What You Will Learn¶
How to verify counterfactual fairness (predictions invariant under sensitive attribute flip)
How to verify individual fairness (similar individuals get similar predictions)
How to compute the Verified Fairness (VF) score
How adversarial debiasing affects formal fairness guarantees
See Fairness Verification (FairNNV) for the theoretical foundations.
Prerequisites¶
Trained ONNX classifier (e.g., Adult Census income predictor)

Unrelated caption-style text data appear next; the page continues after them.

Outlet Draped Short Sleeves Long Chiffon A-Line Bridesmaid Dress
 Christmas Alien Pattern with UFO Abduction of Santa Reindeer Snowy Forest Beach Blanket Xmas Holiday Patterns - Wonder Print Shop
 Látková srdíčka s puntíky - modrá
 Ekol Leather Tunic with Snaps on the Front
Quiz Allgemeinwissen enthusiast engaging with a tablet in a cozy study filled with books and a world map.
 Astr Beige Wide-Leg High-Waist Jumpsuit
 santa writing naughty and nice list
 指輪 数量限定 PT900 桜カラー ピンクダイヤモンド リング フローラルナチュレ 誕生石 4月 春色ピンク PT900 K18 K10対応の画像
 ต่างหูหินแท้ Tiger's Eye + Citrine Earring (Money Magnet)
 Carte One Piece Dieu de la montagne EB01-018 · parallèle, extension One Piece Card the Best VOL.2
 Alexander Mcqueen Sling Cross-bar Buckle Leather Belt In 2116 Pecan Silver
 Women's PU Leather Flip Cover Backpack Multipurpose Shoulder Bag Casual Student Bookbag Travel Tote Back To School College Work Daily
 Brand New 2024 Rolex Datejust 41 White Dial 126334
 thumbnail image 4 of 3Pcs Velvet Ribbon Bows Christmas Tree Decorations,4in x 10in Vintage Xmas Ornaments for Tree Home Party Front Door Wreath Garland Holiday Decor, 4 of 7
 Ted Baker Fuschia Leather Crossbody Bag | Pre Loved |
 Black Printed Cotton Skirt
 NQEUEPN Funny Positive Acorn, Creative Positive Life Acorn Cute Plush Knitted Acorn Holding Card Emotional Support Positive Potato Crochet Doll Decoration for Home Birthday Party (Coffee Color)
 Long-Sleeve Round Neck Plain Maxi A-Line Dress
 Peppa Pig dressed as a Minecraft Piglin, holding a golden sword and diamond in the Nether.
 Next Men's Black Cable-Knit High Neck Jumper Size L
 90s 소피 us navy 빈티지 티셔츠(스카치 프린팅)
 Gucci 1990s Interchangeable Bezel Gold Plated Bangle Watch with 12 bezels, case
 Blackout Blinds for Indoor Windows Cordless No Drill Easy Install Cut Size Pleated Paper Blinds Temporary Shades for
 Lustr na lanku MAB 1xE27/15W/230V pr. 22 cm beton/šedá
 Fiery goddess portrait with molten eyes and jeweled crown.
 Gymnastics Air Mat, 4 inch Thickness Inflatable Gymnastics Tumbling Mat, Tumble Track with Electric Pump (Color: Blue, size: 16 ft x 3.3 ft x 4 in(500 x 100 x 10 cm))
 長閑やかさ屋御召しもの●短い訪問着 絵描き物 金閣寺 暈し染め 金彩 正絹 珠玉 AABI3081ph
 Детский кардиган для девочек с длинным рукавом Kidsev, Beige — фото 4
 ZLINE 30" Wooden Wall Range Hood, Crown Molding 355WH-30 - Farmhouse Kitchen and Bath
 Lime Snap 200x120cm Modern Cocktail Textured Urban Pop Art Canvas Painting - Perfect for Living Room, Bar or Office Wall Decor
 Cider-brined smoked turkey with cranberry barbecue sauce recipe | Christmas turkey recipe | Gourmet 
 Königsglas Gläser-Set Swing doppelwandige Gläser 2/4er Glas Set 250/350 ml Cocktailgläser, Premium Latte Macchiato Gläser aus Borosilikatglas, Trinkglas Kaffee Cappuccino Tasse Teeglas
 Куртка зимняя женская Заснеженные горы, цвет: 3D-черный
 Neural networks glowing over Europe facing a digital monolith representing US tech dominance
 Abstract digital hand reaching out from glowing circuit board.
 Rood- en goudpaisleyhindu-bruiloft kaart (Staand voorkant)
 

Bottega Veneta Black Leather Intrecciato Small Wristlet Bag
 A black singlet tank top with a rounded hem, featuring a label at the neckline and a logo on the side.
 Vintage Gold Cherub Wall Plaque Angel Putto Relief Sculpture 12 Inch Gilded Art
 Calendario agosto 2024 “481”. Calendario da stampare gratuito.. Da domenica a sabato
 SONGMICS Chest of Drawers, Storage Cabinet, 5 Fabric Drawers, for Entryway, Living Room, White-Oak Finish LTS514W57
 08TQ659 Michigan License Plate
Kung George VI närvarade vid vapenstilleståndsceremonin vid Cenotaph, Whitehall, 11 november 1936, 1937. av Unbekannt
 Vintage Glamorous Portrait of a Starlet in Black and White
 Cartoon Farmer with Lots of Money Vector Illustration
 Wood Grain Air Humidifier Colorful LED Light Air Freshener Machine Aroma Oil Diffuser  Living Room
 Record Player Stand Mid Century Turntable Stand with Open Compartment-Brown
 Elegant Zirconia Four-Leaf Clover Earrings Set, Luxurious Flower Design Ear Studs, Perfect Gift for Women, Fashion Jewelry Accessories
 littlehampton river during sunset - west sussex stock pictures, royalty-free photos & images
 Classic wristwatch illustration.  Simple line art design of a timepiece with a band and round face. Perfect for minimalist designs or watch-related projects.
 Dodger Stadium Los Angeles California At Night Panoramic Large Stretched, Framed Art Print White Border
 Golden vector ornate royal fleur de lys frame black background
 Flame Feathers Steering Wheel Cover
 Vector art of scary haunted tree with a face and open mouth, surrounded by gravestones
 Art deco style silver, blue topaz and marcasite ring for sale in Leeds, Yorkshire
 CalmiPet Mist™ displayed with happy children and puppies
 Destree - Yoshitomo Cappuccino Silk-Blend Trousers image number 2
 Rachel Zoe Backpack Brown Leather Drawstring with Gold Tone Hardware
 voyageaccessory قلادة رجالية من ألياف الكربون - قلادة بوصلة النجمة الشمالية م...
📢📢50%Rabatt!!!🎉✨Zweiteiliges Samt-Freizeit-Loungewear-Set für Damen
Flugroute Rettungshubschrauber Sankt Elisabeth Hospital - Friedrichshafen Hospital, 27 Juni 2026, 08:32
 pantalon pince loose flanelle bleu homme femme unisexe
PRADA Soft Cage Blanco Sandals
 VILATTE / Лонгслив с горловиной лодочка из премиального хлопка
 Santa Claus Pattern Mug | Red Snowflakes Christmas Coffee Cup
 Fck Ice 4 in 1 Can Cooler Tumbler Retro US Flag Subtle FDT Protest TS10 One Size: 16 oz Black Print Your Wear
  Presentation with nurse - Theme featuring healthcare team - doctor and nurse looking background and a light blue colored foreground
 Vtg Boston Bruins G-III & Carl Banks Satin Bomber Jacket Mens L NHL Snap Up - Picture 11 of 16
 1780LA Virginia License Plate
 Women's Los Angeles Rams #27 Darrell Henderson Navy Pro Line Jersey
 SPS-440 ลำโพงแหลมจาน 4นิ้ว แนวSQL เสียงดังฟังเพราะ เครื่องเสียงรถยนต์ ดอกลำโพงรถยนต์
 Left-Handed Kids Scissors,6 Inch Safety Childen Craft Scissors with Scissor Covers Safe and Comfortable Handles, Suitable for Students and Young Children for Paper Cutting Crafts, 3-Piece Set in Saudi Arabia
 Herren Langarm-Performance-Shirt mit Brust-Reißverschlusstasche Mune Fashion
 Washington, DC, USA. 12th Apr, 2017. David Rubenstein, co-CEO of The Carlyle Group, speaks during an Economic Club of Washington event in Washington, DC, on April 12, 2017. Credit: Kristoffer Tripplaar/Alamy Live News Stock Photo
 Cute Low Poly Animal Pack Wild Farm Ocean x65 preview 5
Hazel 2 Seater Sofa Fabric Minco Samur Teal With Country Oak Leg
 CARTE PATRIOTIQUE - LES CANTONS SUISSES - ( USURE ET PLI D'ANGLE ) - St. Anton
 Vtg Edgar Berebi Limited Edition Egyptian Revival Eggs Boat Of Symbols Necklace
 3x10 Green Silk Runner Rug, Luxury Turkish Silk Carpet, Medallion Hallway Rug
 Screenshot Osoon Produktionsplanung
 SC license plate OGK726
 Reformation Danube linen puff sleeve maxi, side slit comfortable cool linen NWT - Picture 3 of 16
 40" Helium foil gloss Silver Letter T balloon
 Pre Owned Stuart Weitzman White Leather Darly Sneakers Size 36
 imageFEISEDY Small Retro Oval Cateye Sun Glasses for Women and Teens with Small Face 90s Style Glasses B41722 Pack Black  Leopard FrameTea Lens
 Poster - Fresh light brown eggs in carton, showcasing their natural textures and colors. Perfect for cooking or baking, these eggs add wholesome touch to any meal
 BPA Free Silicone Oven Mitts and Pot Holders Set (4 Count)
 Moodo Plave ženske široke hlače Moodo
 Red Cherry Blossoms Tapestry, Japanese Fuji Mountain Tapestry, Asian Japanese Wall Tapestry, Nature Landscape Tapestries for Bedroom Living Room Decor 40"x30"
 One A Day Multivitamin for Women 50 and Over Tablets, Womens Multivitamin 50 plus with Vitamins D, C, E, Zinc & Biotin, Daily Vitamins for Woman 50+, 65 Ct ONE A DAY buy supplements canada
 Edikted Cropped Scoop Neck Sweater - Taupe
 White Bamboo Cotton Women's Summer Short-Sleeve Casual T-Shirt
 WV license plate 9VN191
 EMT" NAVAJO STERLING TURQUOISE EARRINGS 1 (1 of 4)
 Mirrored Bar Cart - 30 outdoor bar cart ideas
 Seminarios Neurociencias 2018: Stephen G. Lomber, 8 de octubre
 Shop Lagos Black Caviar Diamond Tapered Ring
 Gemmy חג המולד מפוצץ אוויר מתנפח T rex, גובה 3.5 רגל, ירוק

NNV installed with FairNNV module
Step 1: Load Model and Data¶
% Load trained Adult Census classifier from ONNX
dlnet = importNetworkFromONNX('adult_census_model.onnx', InputDataFormats='BC');
net = matlab2nnv(dlnet);
% Load test data (features + labels)
load('adult_census_test.mat'); % X_test, y_test
% Identify sensitive attribute index (e.g., gender = column 9)
sensitive_idx = 9;
Step 2: Counterfactual Fairness Verification¶
Flip the sensitive attribute while keeping all other features fixed:
n_samples = 100;
cf_results = zeros(n_samples, 1);
reachOptions = struct;
reachOptions.reachMethod = 'approx-star';
for i = 1:n_samples
x = X_test(i, :)';
target = y_test(i);
% Create counterfactual: flip the sensitive attribute
x_cf = x;
x_cf(sensitive_idx) = 1 - x(sensitive_idx); % binary flip
% Create Star set spanning both original and counterfactual
lb = min(x, x_cf);
ub = max(x, x_cf);
input_set = Star(lb, ub);
% Verify: does the classification change?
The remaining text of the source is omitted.